# Budget Wax



## EthanCrawford (Jan 7, 2010)

Hey guys i am looking to see what wax people would recomend for working on a budget have been looking at chemical guys, dodo juice, autoglym that sort of products but whats higly recomended for price ??

Thanks 

Ethan :newbie:


----------



## Maggi200 (Aug 21, 2009)

What's the budget? Cheap is megs #16 which is Fantastic


----------



## rusey93 (Dec 24, 2008)

Megs 16 would be my choice on a budget


----------



## nickka (Jun 2, 2008)

Simoniz Original wax just re released and getting good reports:thumb:
A bargain for £8


----------



## Ben_ZS (Sep 28, 2008)

Dodo Juice wax is very good value for the money.
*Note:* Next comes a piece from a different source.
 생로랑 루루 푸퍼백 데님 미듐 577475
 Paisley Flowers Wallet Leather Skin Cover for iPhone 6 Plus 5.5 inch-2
Or Collinite 476, Megs #16 and FK1000p.


----------



## beany_bot (Oct 6, 2008)

Ben_ZS said:


> Dodo Juice wax is very good value for the money.
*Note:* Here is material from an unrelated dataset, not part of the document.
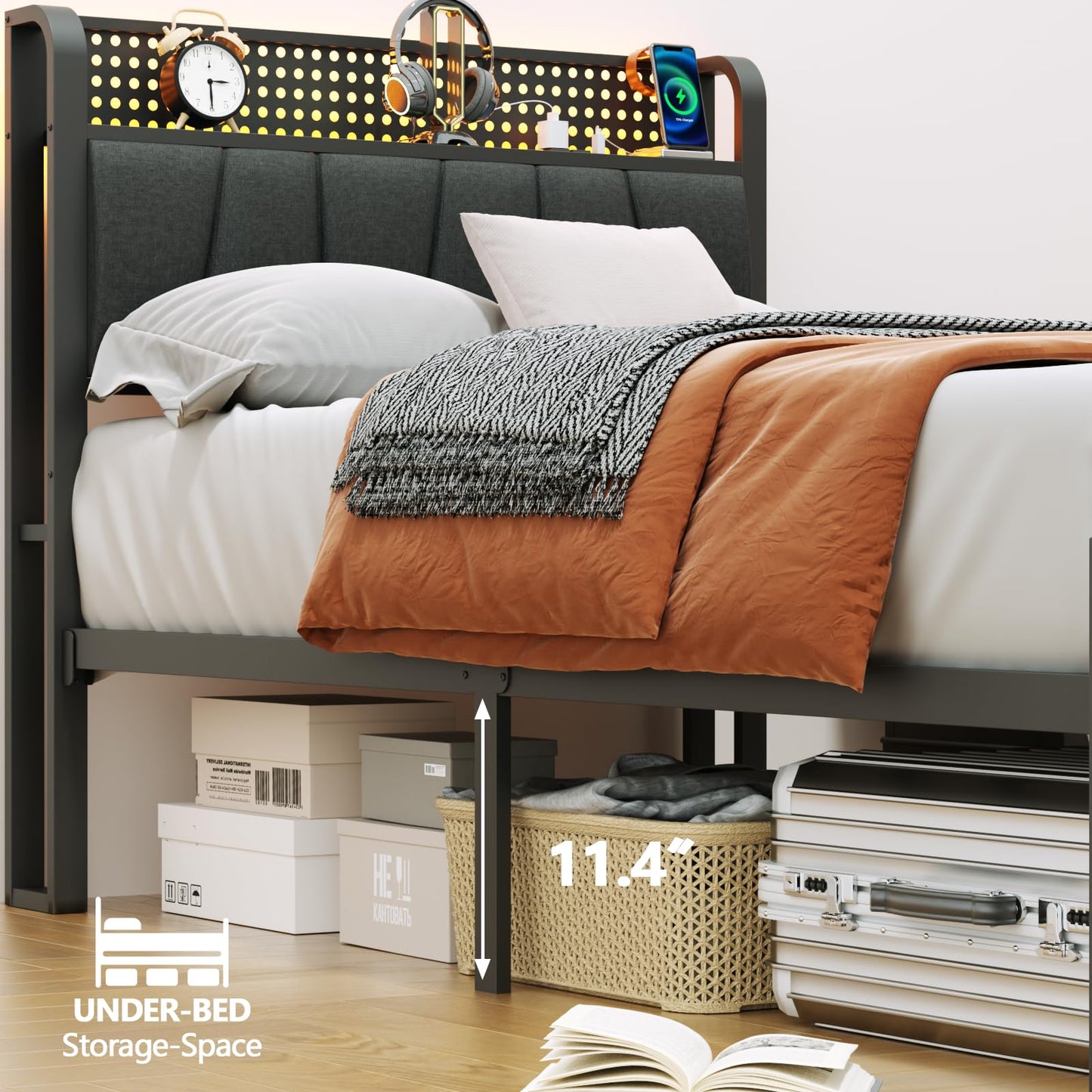 Furnulem Twin Size Bed Frame with LED Light and Charging Station, Grey Upholstered Storage Headboard with Shelf, Metal Platform Bed with Heavy Duty Slats, No Box Spring Needed, Noise Free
Don't know if I would entierly agree with that.

If i was you dude i would get collinite 476s, you wont be disapointed. Ive used lots of waxes and its still the best:thumb:


----------



## steveo3002 (Jan 30, 2006)

collinite would be my 1st choice 476 or 845 both are great

then megs #16


----------



## Maggi200 (Aug 21, 2009)

Maybe the autobrite waxes which seem to get good reviews. Kev will probably comment. Maybe a good choice if youre buying there anyway per your other thread?


----------



## Avanti (Jan 17, 2006)

EthanCrawford said:


> Hey guys i am looking to see what wax people would recomend for working on a budget have been looking at chemical guys, dodo juice, autoglym that sort of products but whats higly recomended for price ??
> 
> Thanks
> 
> Ethan :newbie:


You really need to quote a budget, 151 tough wax for a £1 need not be sniffed at, Simoniz Carnauba wax paste £8 and easily available over the counter next jump really you have to double the price without an increase in performance to the Cg3x, colli 476 , natty , FK2685. The other low cost option is to buy a pre owned tub for half the new price :thumb:


----------



## EthanCrawford (Jan 7, 2010)

£30 max


----------



## beany_bot (Oct 6, 2008)

get both:thumb:

http://www.cleanyourcar.co.uk/wax/collinite-no-476s-super-doublecoat-auto-wax/prod_207.html

http://www.cleanyourcar.co.uk/wax/chemical-guys-xxx-hardcore-paste-wax/prod_132.html


----------



## Avanti (Jan 17, 2006)

EthanCrawford said:


> £30 max


Of the ones mentioned and not mentioned, assuming you want to max out, the AG High Definition wax, you will find if you look for your budget or less, tried and tested by many posters :thumb:


----------



## Bratwurst (Jan 23, 2009)

I know it's a sealant (synthetic wax), but for a combo of durability, cost, quantity and ease of use, you can't beat fk1000 imo.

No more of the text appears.